▸ TASK MATERIAL:
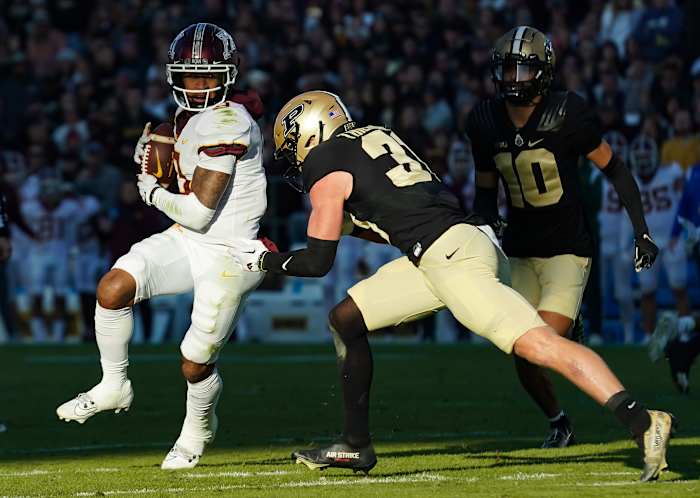 Nov 11, 2023; West Lafayette, Indiana, USA; Minnesota Golden Gophers wide receiver Daniel Jackson (9) catches a pass against Purdue Boilermakers defensive back Dillon Thieneman (31) during the first half at Ross-Ade Stadium.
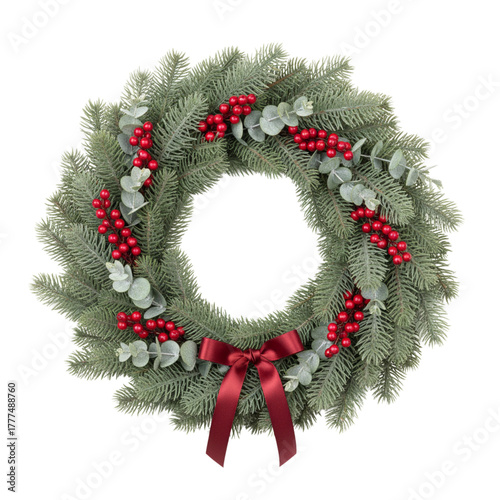 A beautifully handcrafted christmas wreath, adorned with deep green fir branches, eucalyptus leaves, and clusters of red berries, elegantly tied with a burgundy ribbon, isolated on a plain background 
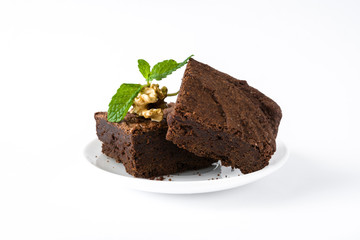 Chocolate brownie pieces isolated on white background
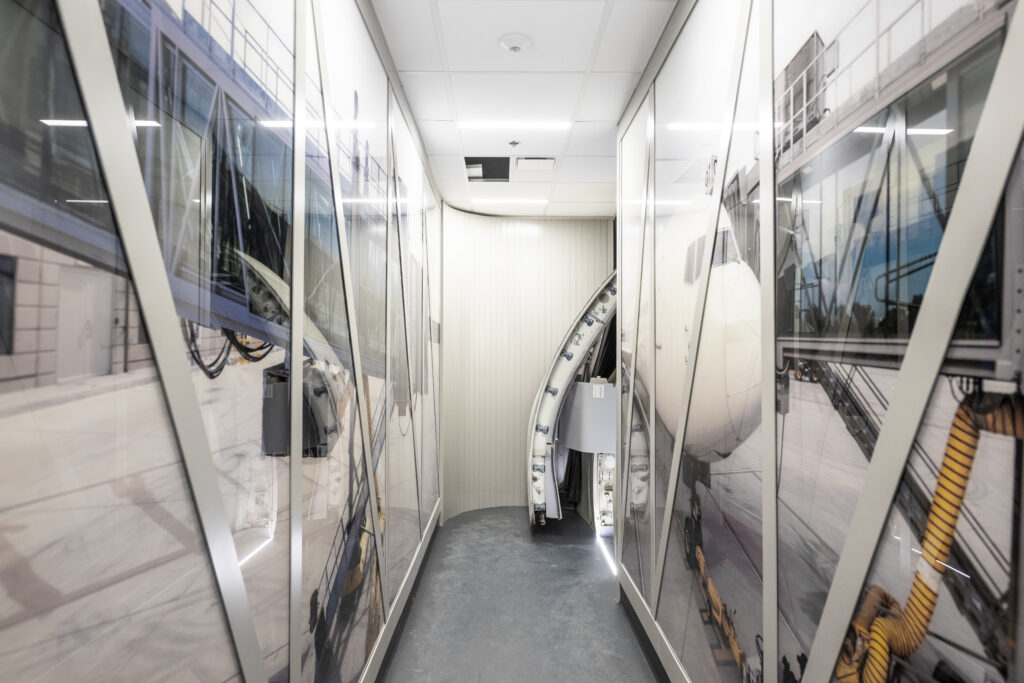 Kansas City International Airport's simulated glass jet bridge walkway.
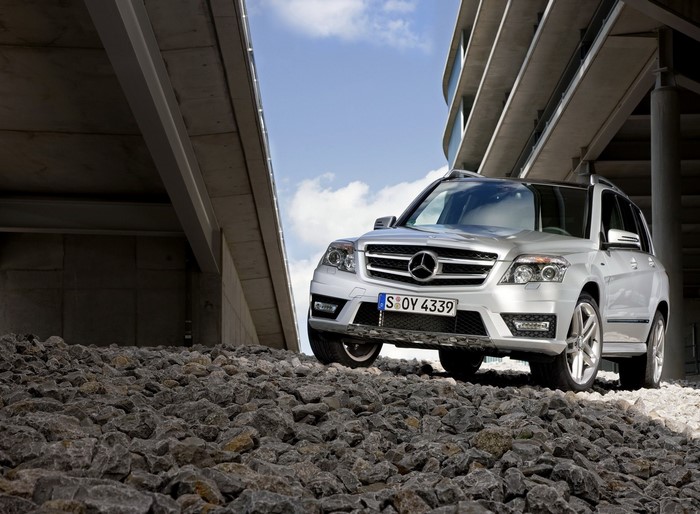 Silver Mercedes-Benz GLK parked on gravel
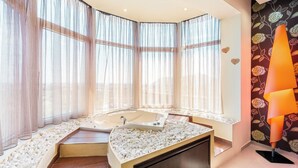 Een moderne badkamer met een ruim bad, een wastafel met een marmeren blad en een decoratieve wand met een bloemendesign.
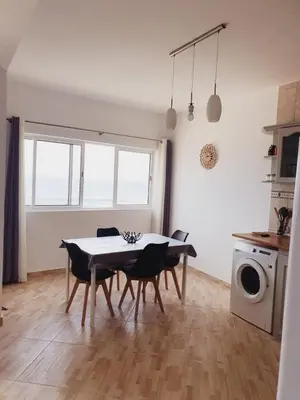 a kitchen and dining room with a table and chairs at Residencia Solimar in Ponta do Sol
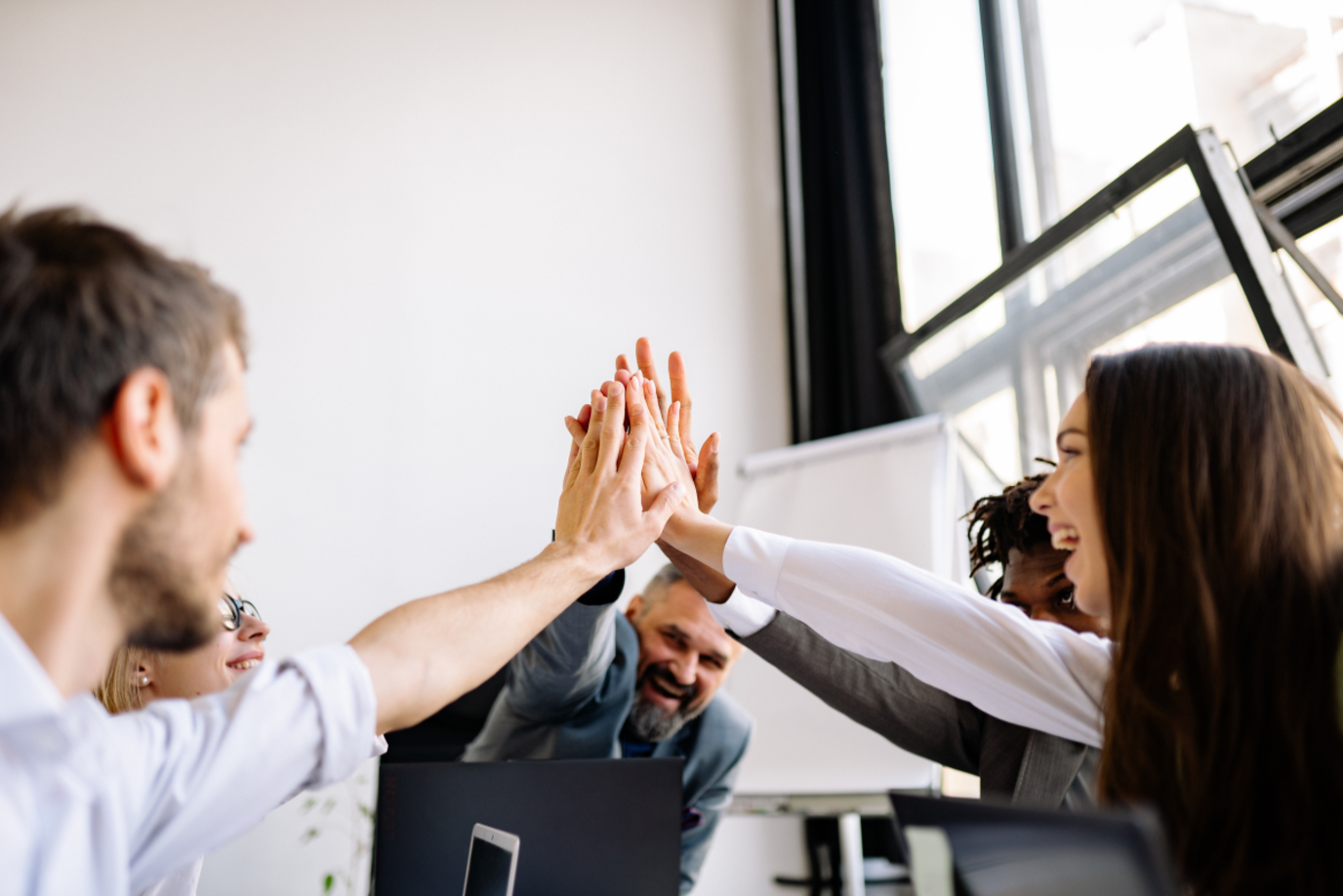 Drei Frauen und zwei Männer auf der Arbeit geben sich zufrieden einen High Figh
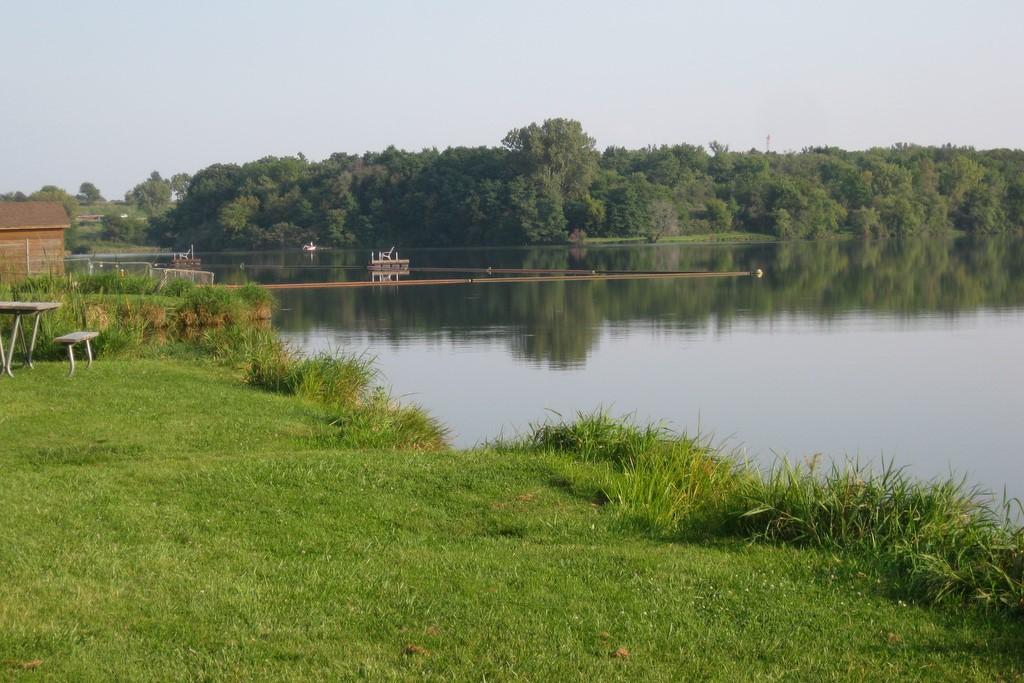 Calm lake with a grassy bank, distant trees, and people on a long pier.
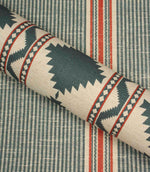 Roll of fabric with geometric pattern on a striped background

▸ WHAT YOU HAVE TO DO: Exclude every picture, then return precisely the lines that run from the line containing "Calm lake with" through the end of the entries above.

▸ ANSWER TO THIS PROBLEM:
 Calm lake with a grassy bank, distant trees, and people on a long pier.
 Roll of fabric with geometric pattern on a striped background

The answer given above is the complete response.